Reproduce every line of the data, exactly and without its pictures.

Input data:
-----

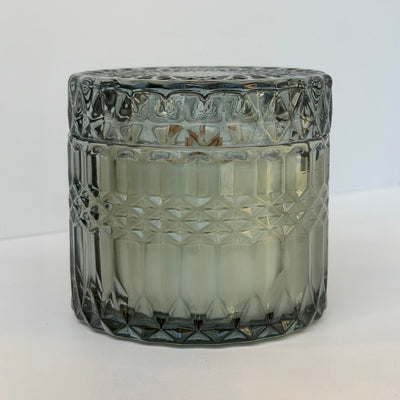 Photo: coconut apricot wax candle with lid closed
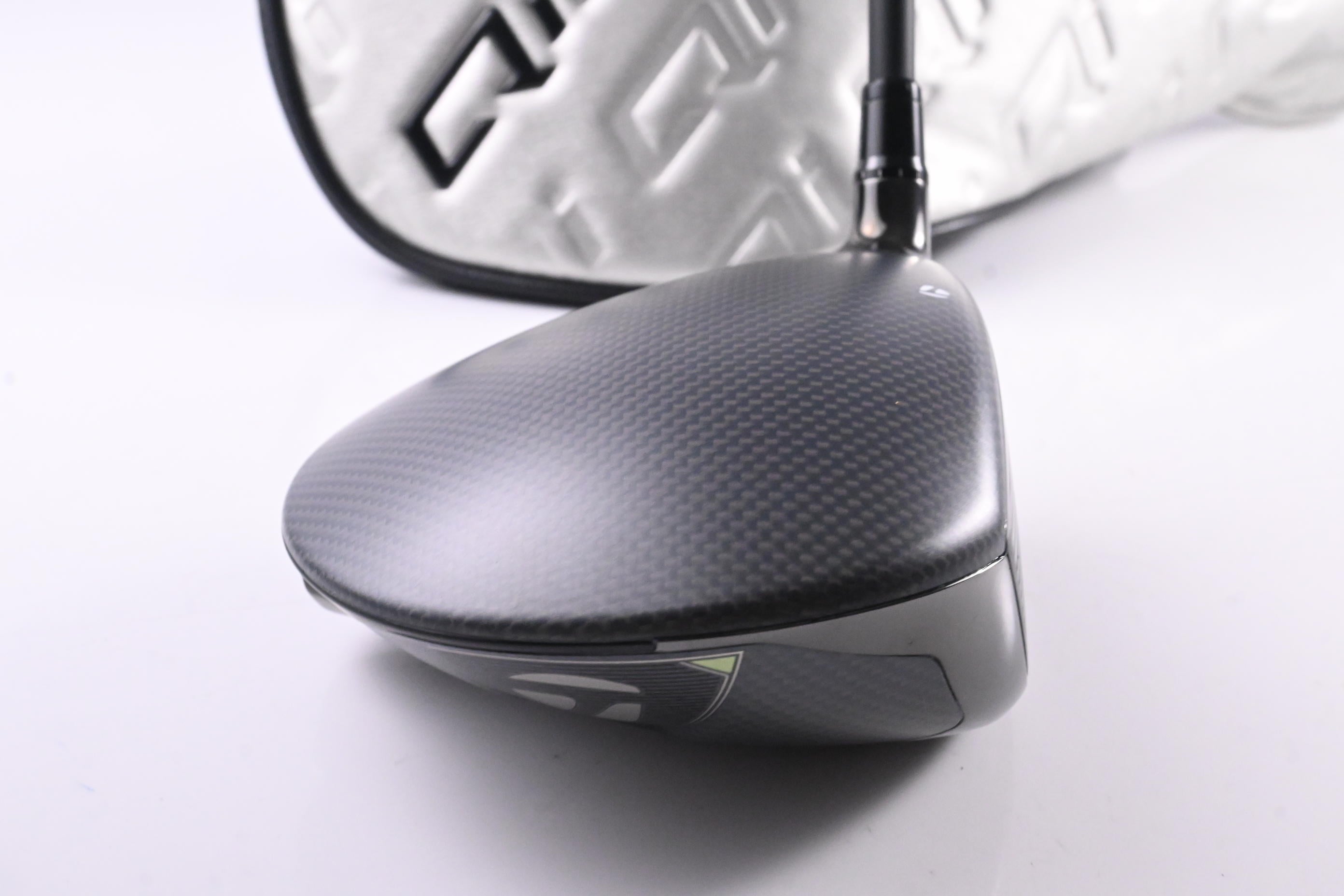Taylormade Qi35 LS Driver / 9 Degree / Stiff Flex Kai'li White Dark Wave 60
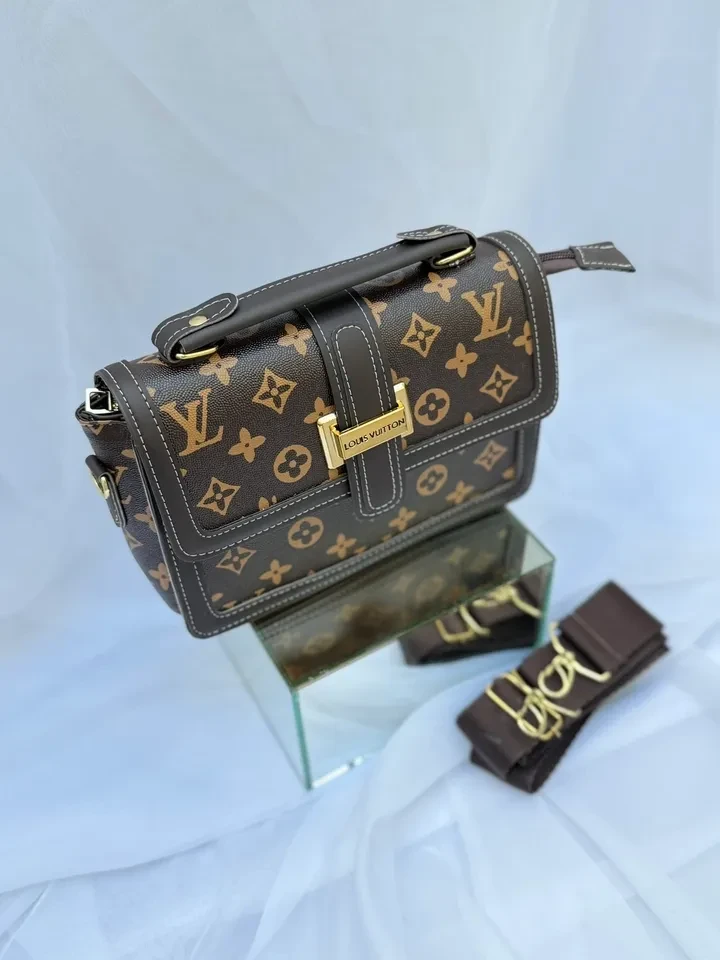 BOLSA MARROM MÉDIA LOUIS VUITTON - 2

-----

Finished task:
 Photo: coconut apricot wax candle with lid closed
Taylormade Qi35 LS Driver / 9 Degree / Stiff Flex Kai'li White Dark Wave 60
 BOLSA MARROM MÉDIA LOUIS VUITTON - 2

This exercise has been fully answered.